Kim birinin kalbini kırıp onu ağlatırsa, o kişinin bedduasından sakınsın. Çünkü gözyaşları yere düşmeden ne dilerse o olur” nebevî uyarısını dikkate almak zorundayız.

Onun için mazlumun ahından ve bedduasından korkmak gerekir.

Ah etmek, bir insanın uğradığı keder, üzüntü ve ızdırabını, acısını, canının yanmasını Allah’a ulaştırmasıdır.

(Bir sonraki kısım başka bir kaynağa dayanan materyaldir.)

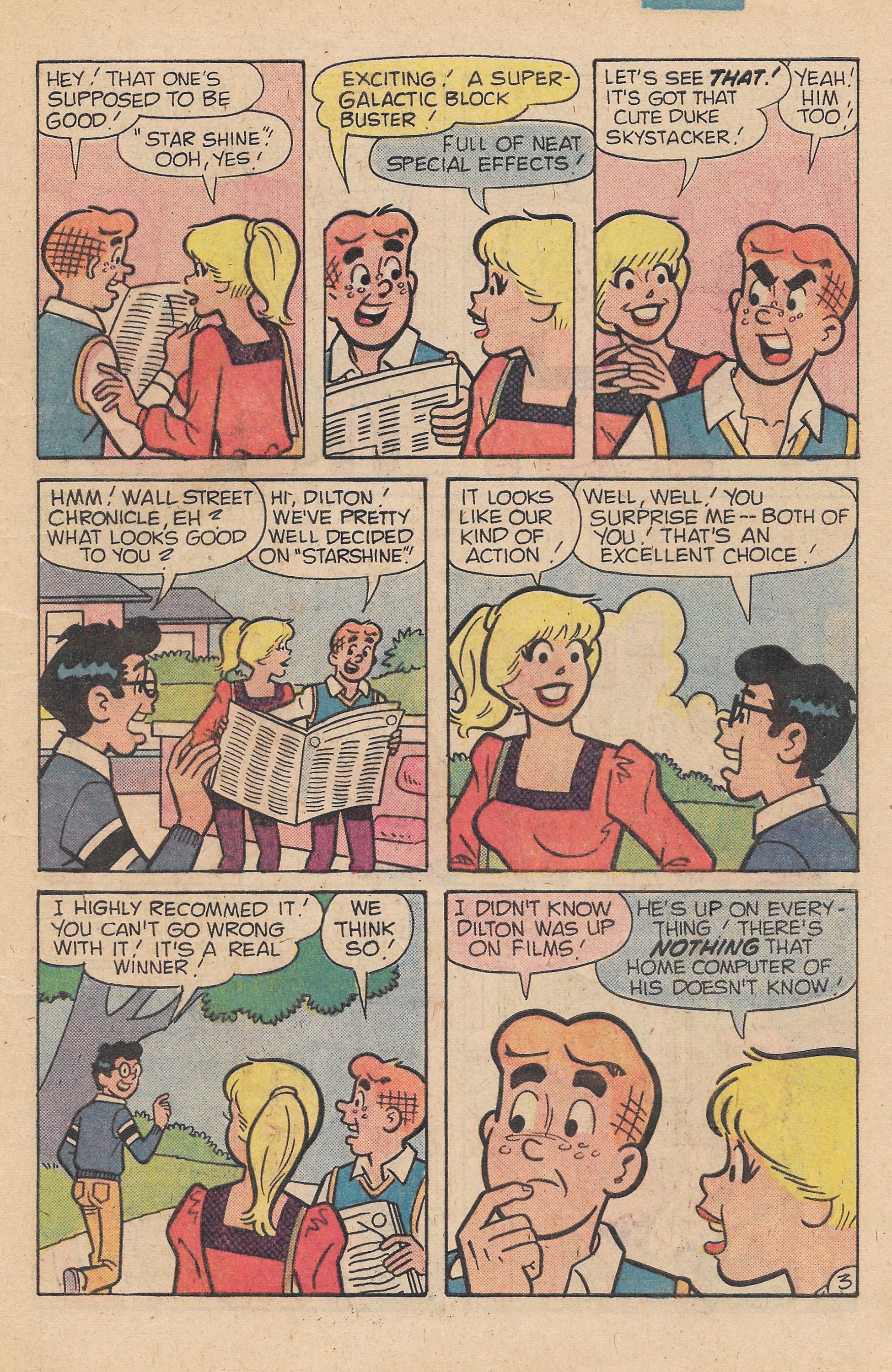 Read online Betty and Me comic -  Issue #133 - 5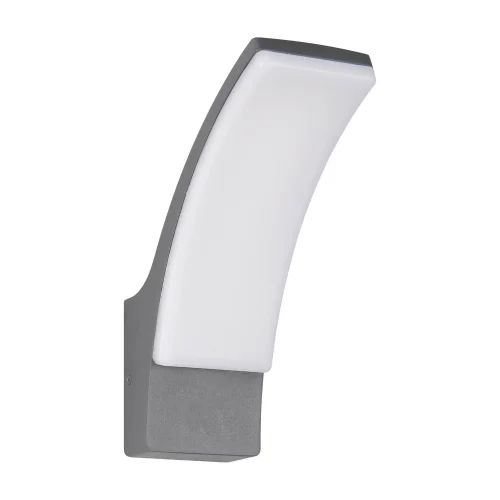 APLIQUE EXTERIOR 12,5W 4000K ANTRACITE IP44 LIRIO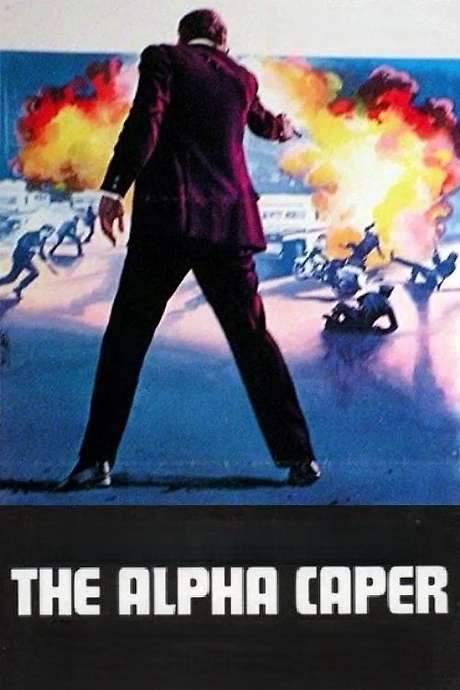 The Alpha Caper (1973) movie poster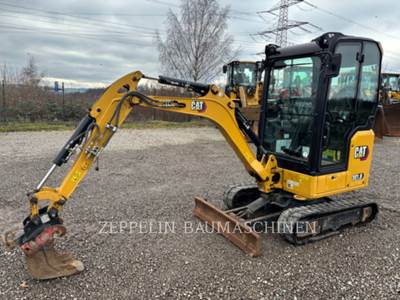 Caterpillar 301.8 Mini Hydraulic Excavator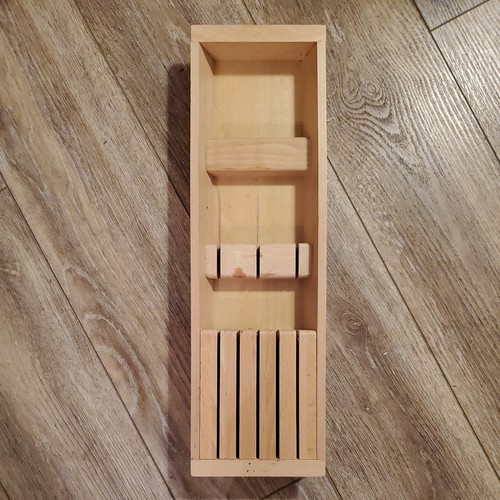 Ikea variera knife tray bamboo - tray,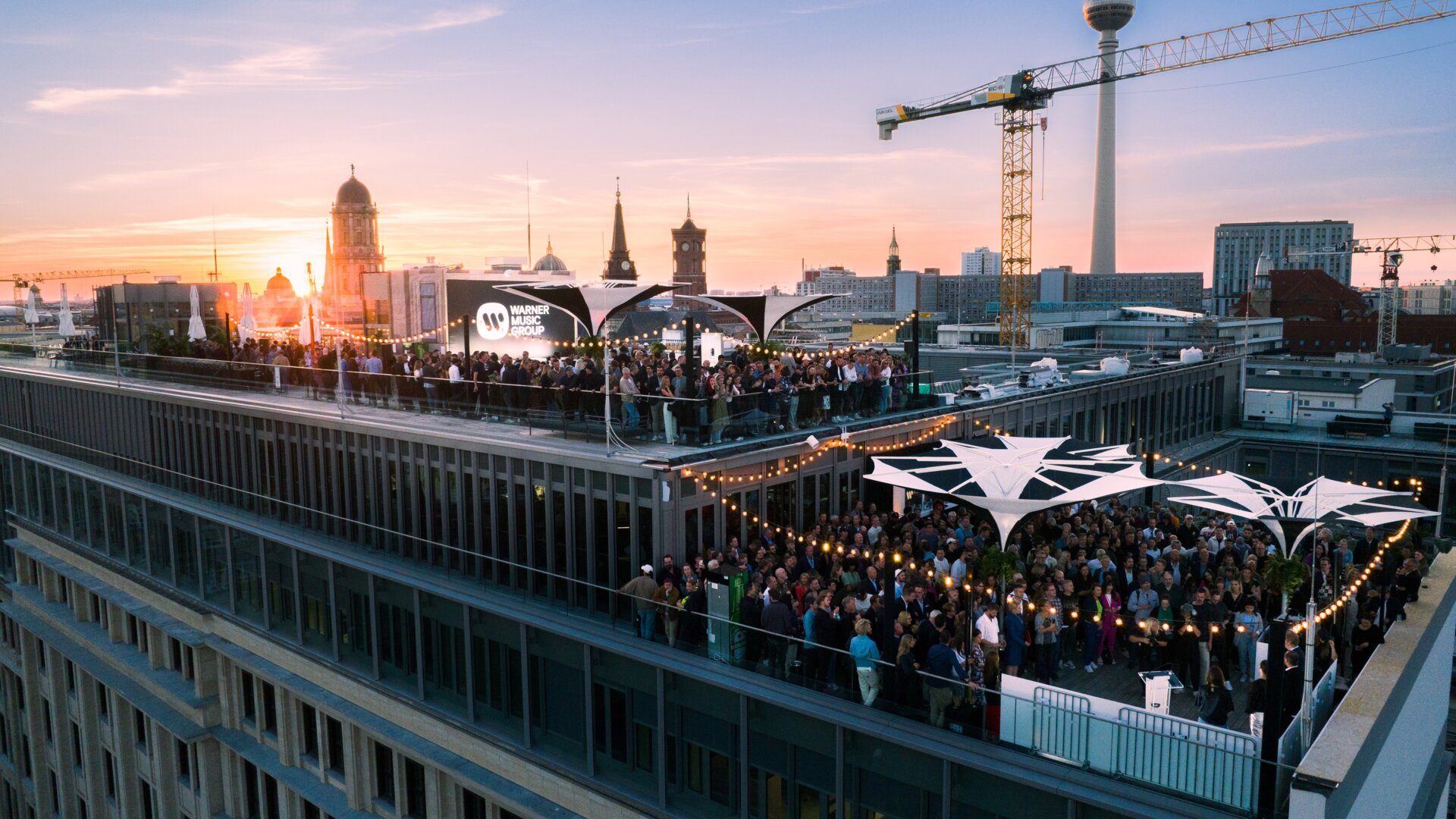News-Titelbild - Warner Music eröffnet Repräsentanz in Berlin
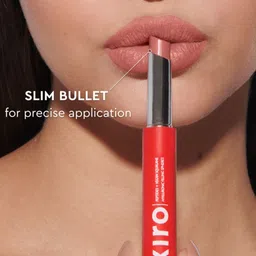 KIRO Slickstick Luxe Matte Lipstick- Nutmeg Toffee - 2.4 g image 4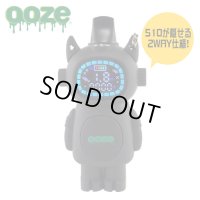 510を隠せる2WAY仕様 OOZE - 510 Bot Character Vape （510規格 ／ CBD系カートリッジ バッテリー ヴェポライザー ／ Type-C充電）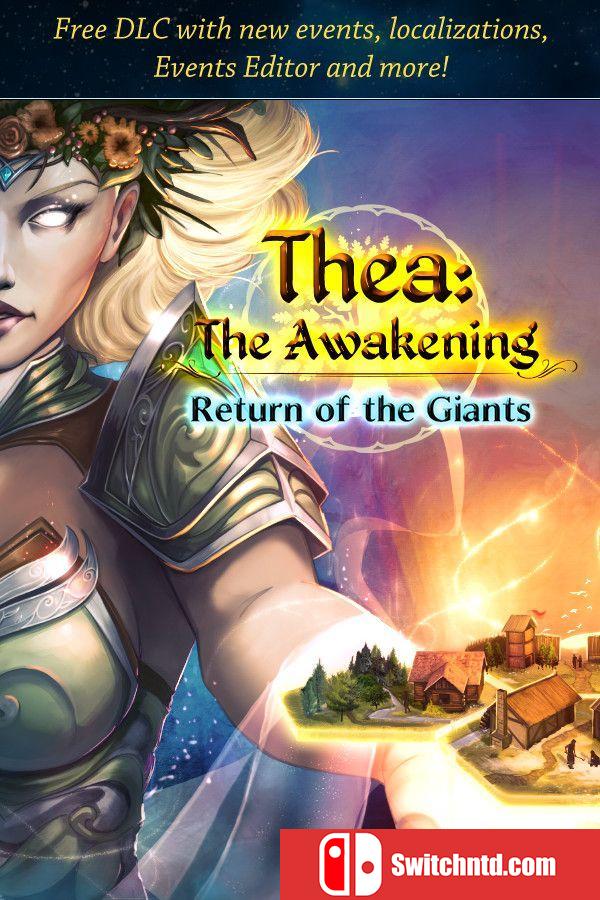 《西娅：觉醒（Thea: The Awakening）》Build 18518131 P2P硬盘版[EN]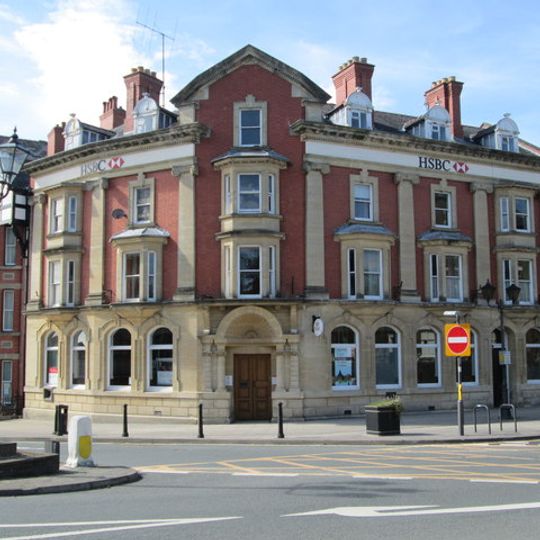 Midland Bank, Middleton Street , Llandrindod Wells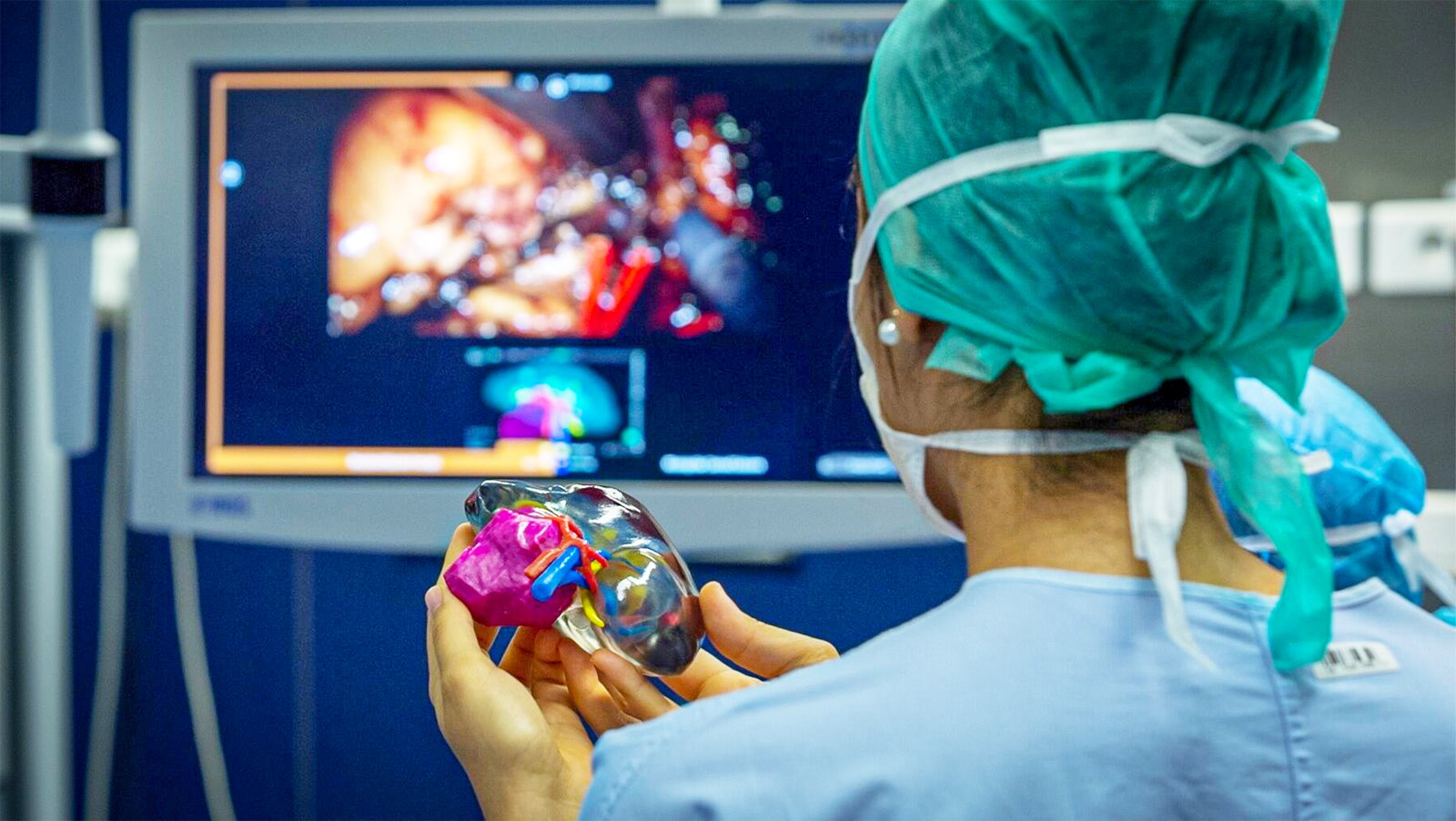 Giải pháp công nghệ 3D trong Y tế & Chăm sóc sức khỏe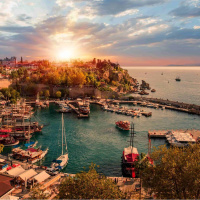 Antalya, Los Angeles ve Dubai'yi geçti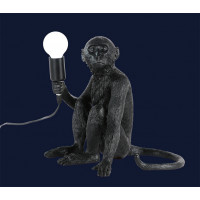 Настольная лампа декоративная MONKEY Levistella 909VXL8051B BK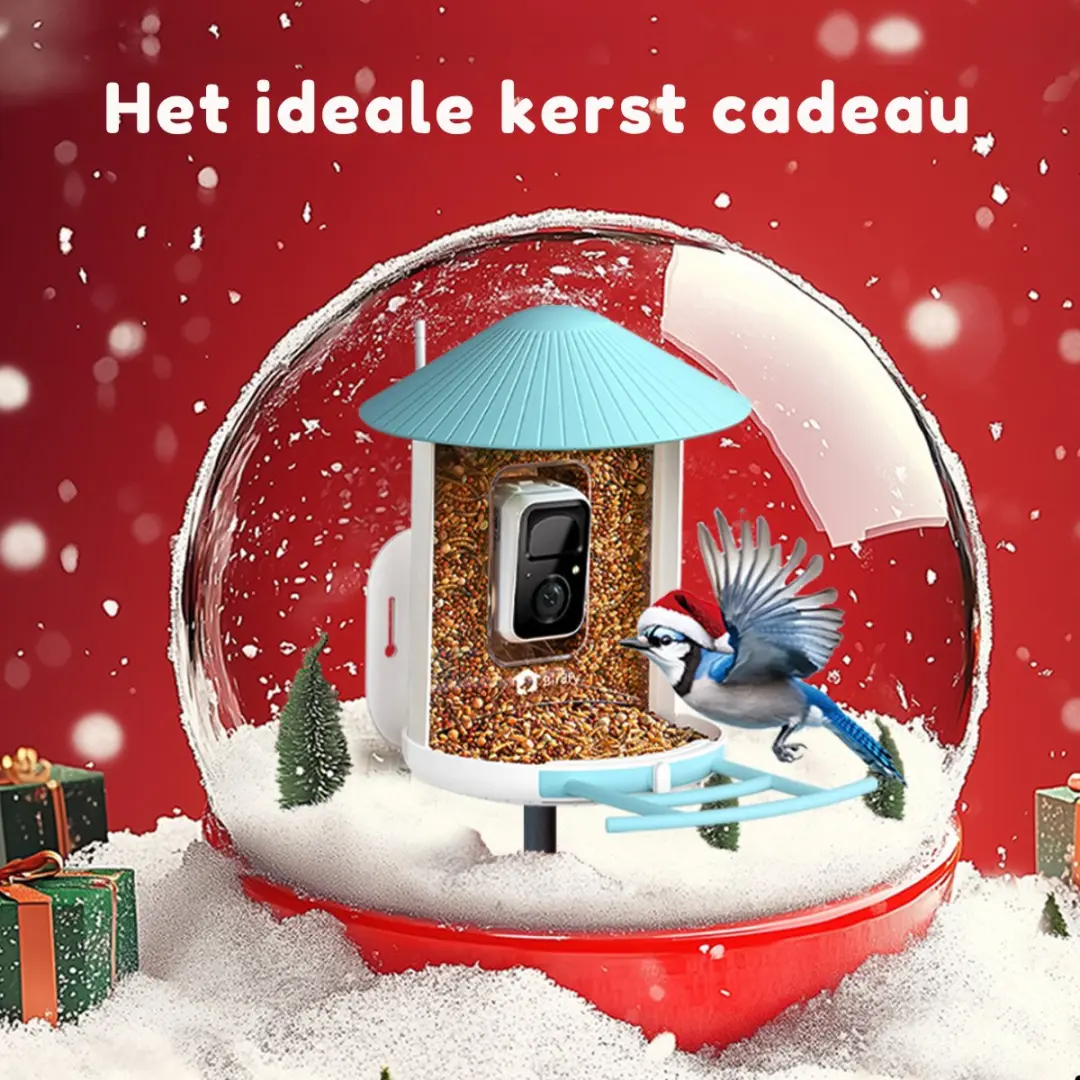 Birdfy Feeder 1 Vogelvoederhuisje met Camera - afbeelding 2 van 6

Mazlumun ahı titretir Arş-ı Ala’yı.

Ah çekenin, ah edenin, uğradıkları zulümler, kötülükler, haksızlıklar karşısında içi yanmaktadır.

Zira ah, ateştir.

Peygamberimiz (s.a.v.)’in ifadesiyle;

 “Mazlumun bedduasından sakınınız. Çünkü o dua, bir ateş kıvılcımı gibi semaya yükselir” 

Bu kıvılcımdan, bu ateşten çıkan ah/beddua zulmedeni, acı vereni, üzeni, kötülük yapanı, emanete hainlik edeni ve hak yiyeni yakar.

Bu nedenle dünya, bir imtihan dünyasıdır.

Bu dünya; “Etme bulma dünyası”dır.

Kimsenin yaptığının yanına kâr kalmayacağı, ektiğini biçeceği muhakkaktır.

İşlediği günahların, suçların bir kısmını az da olsa bu dünyada çekeceği de bir gerçektir.  

“Zulüm ile abad olanın ahiri berbat olur.”

“Alma mazlumun ahını, çıkar aheste aheste.”